Electrification of Chemical Engineering: A New Way to Intensify Chemical Processes

The increasing use of fossil fuels as an energy source has resulted in a serious problem regarding two of their main drawbacks: (i) the exhaustion of these resources and (ii) the greenhouse gas (GHG) emissions associated with their use [1]. The member states of the United Nations (UN) set the so-called Paris Agreement in 2015, in which they reached an agreement towards the limitation of the global warming to 2 °C versus pre-industrial levels [2]. This target may be reached by reducing GHG emissions from 80 to 95% of 1990 levels by 2050, requiring a complete transformation of industry [3]. Different strategies may be used, including the gradual elimination of nonrenewable energy resources; the transition to a circular economy; the production of greener electricity; and the electrification of heating, transportation, and industrial processes [4,5]. The increasing availability of cheap renewable electricity provides an opportunity to decarbonize energy-intensive processes. As part of this decarbonization effort, the commodity chemical industry is an important target due to its large energy requirements and high GHG emissions [6].

In particular, many efforts towards the electrification of chemical process industries (CPI) have been made. In fact, more energy-efficient and more selective and compact processes have been made possible with the adoption of, for example, intensified separation processes, plasma technology, ultrasound microwaves, and electric arc furnaces. In this way, both capital costs and waste generation have been hugely reduced [7]. Process intensification (PI) innovations in combination with a greener electric grid can help to establish cleaner and more sustainable production processes across the CPI.

Another approach is to replace the energy produced by burning carbon-based fuels with energy from “green” sources, such as electricity produced from renewable sources [6]. In particular, the transfer of thermal energy into electrified reactors can be achieved in various ways, for example through microwaves (MW). In recent years, many researchers have focused their attention on the use of MW in different fields, ranging from the preparation of catalysts to their use in chemical processes.

Tedesco et al. [8] investigated the MW-assisted conversion of lignocellulosic biomass to levulinic acid using sulphated zirconia and trace hydrochloric acid. The results of the experimental lab-scale tests showed that an optimum yield of about 63%wt can be achieved at 160 °C over 80 min and with a 2:1 catalyst-to-biomass ratio with 10 mM of diluted HCl. In particular, the authors showed how the synergistic performance of the sulphated zirconia and hydrochloric acid significantly improved levulinic acid yields compared to each individual catalyst alone.

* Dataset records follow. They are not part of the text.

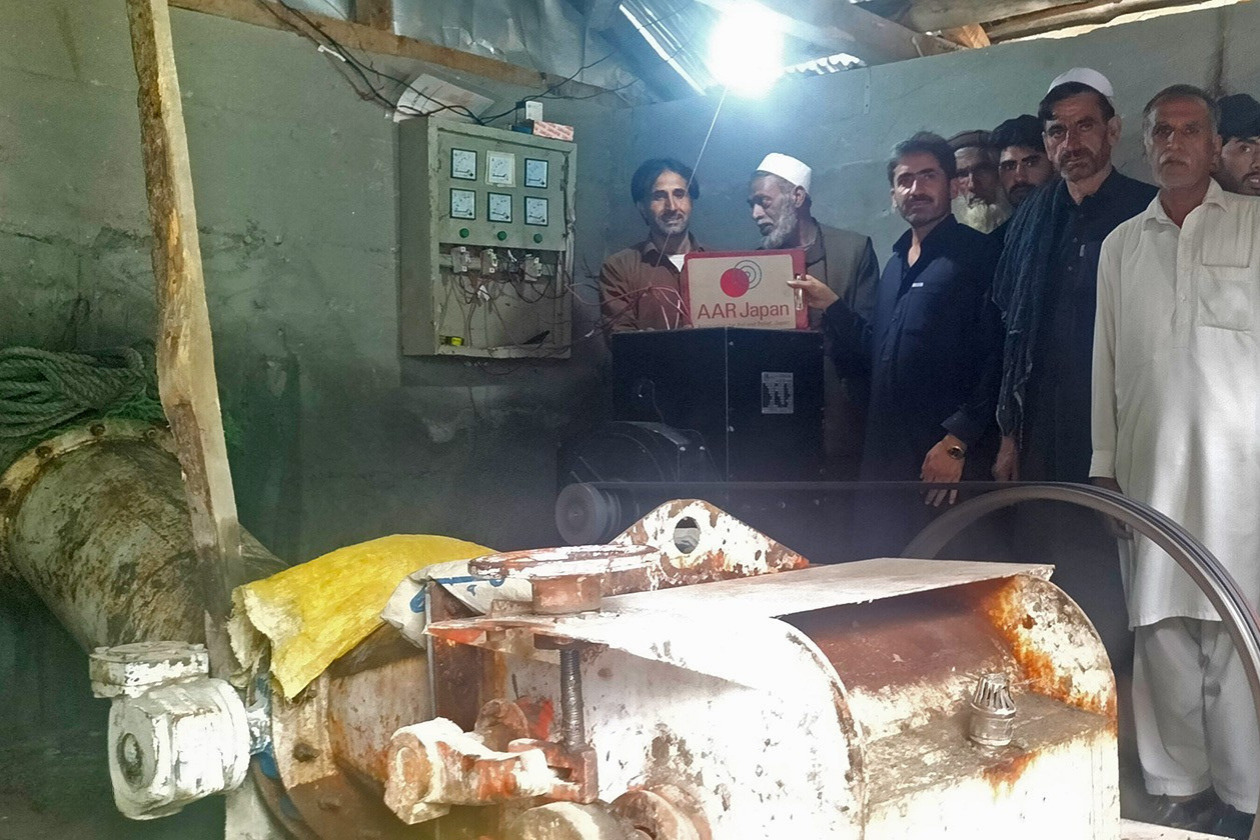 発電機を確認する村人たち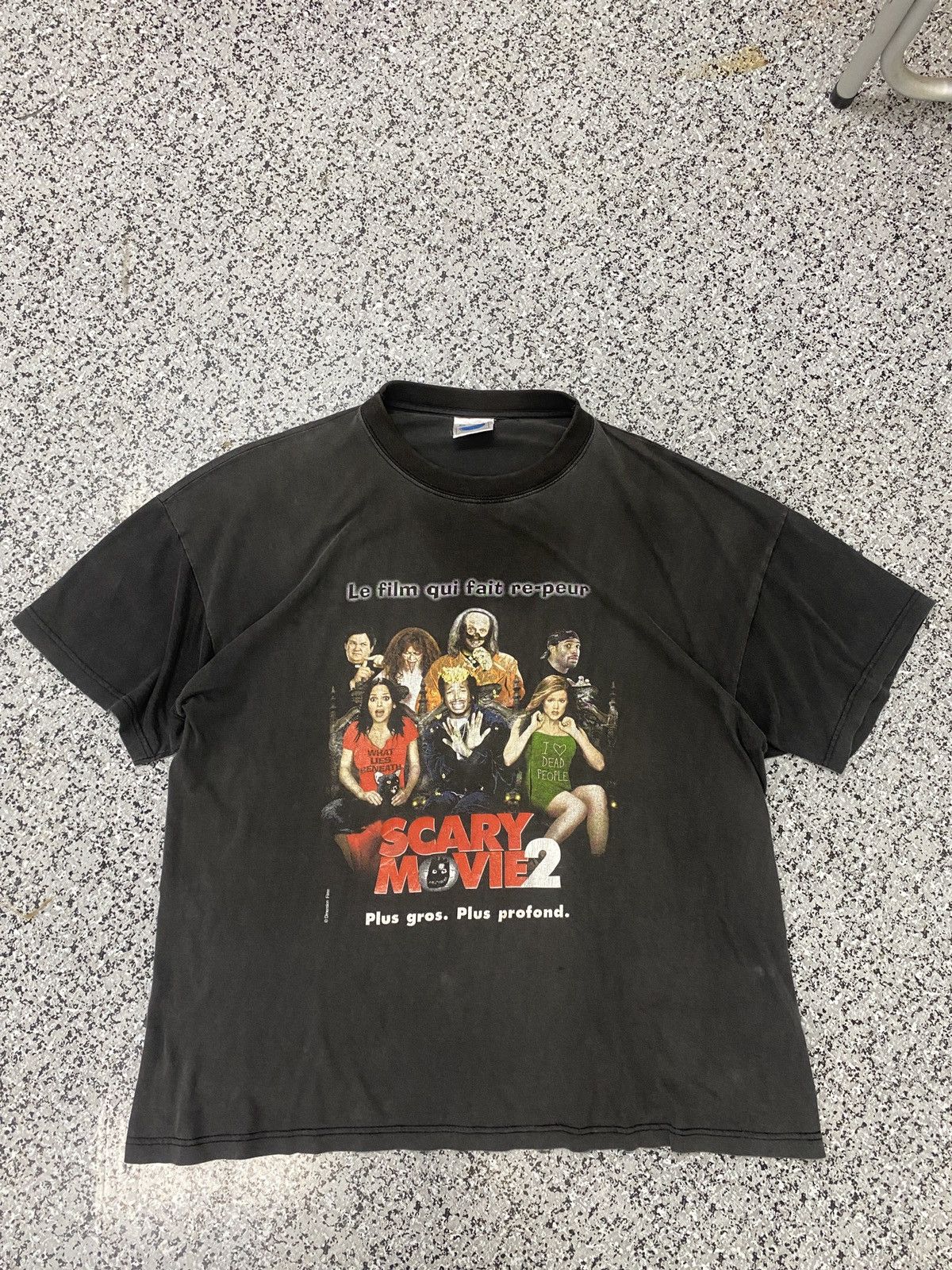 Vintage Scary Movie 2 Comedy Parody Movie 2001 Faded T Shirt Hoodie, Sweatshirt | PodTeesHub.com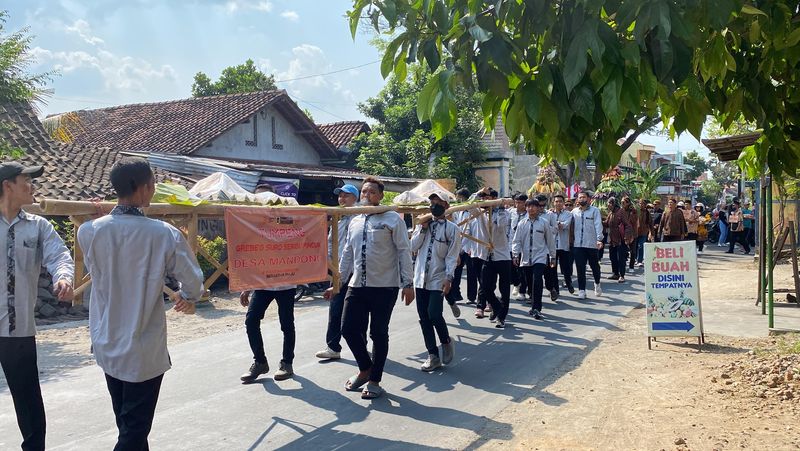 Gelaran Grebeg Suro Seribu Pincuk di Desa Mandong, Kecamatan Trucuk, Kabupaten Klaten, Jumat (26/7/2024).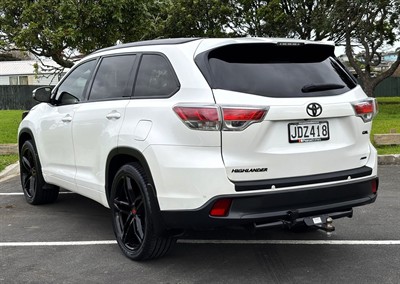 2015 Toyota Highlander - Thumbnail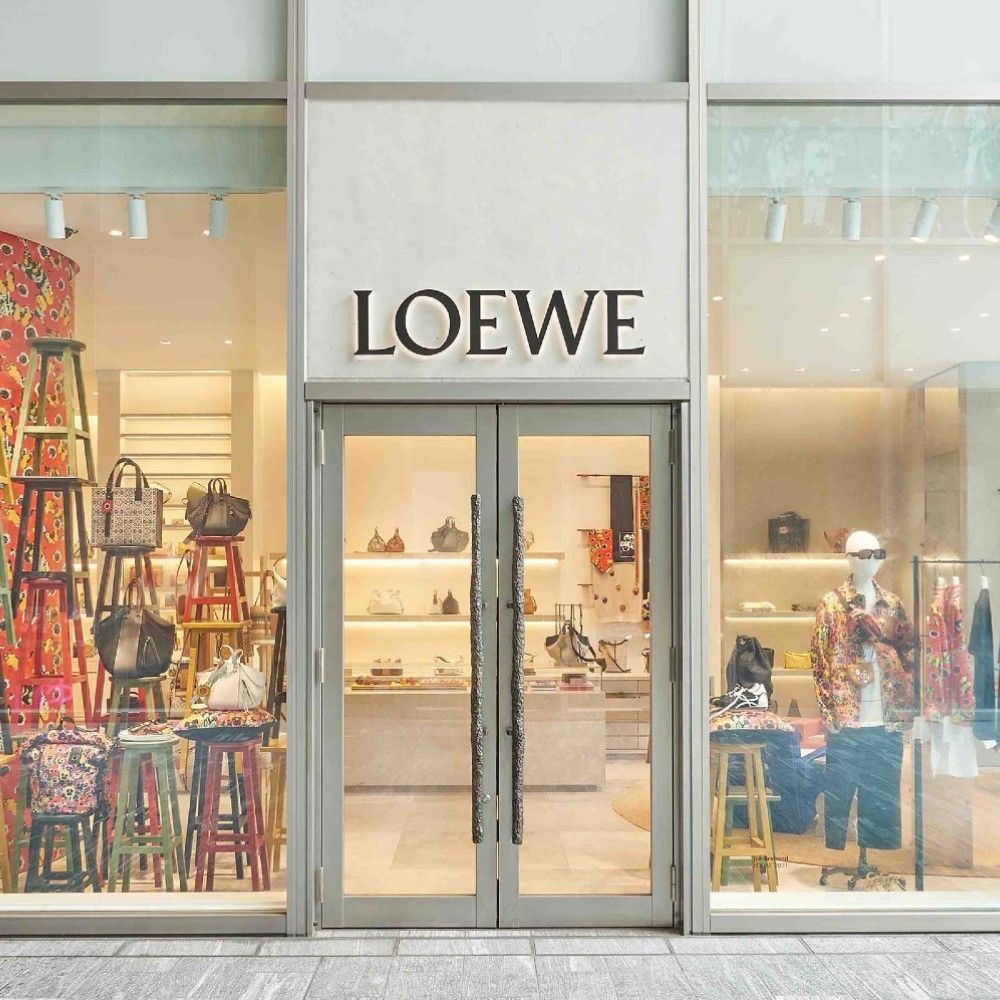21AW◇LOEWE◇シンプルモダンな存在感◇Small Cushion Tote (LOEWE ...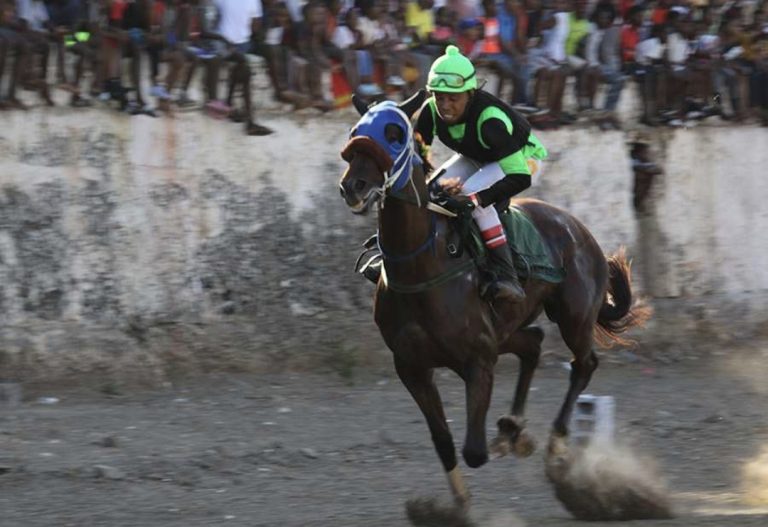 Marisia e Heitiana vencem corrida de cavalos nas festas do Município do Sal 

Hou et al. [9] investigated the possibility of producing biodiesel through the MW-assisted transesterification of high-acid-value waste cooking oil. The results of the experimental tests showed that by using an NaOH catalyst of 0.8%wt, a 12:1 molar ratio of methanol to oil, a reaction time of 2 min, a reaction temperature of 65 °C, and microwave power of 600 W, a biodiesel yield meeting the Taiwan CNS 15072 biodiesel standard could be obtained.

Most of the current efforts in the field of biodiesel production are devoted to coupling MW heating technology and heterogeneous catalysts for biodiesel synthesis to improve the efficiency of the process [10]. Studies in these fields have shown that the application of MW technology for biodiesel generation using heterogeneous catalysts appears to be quite efficient with respect to biodiesel yield, catalytic activity, reaction time, and energy efficiency. In particular, experimental tests have suggested that the application of MW technology in the heterogeneously catalyzed transesterification process significantly reduced the reaction times and demonstrated better catalytic activity compared to conventional heating. However, there are some drawbacks that have been raised regarding the application of MW in biodiesel production, most of which center around their lower penetration depth, which is a few centimeters. This drawback results in an instantaneous loss in microwave intensity, and this problem may be amplified while scaling up the batch process. This issue needs to be rectified, or the continuous mode can be adopted using a film-type reactor to overcome this problem. Examples of other drawbacks include spark ignition, high-temperature zones at the edges, and microwave leakage, which must be overcome for the large-scale adoption of this technology [10].

Limousy et al. [11] prepared different binary metal oxide catalysts containing Ni, Cu, or Co oxides by means of an MW-assisted Solution Combustion Method. The prepared catalysts were tested in CO oxidation, and the experimental tests demonstrated that the Cu-containing catalysts had the best catalytic activity.

Meloni et al. [12] proposed the use of microwaves for the regeneration of a 13X zeolite bed for N₂O capture from tail gases. The consecutive adsorption–desorption cycles performed at N₂O concentrations of 10, 20, and 40%vol highlighted that the MW did not damage the zeolite’s structure, allowing perfectly repeatable steps in terms of both the adsorbed and desorbed amount of N₂O. Moreover, the MW-assisted TSA assured an energy and purge gas savings of up to 63% and 82.5%, respectively, compared to traditional regeneration processes, resulting in effective PI.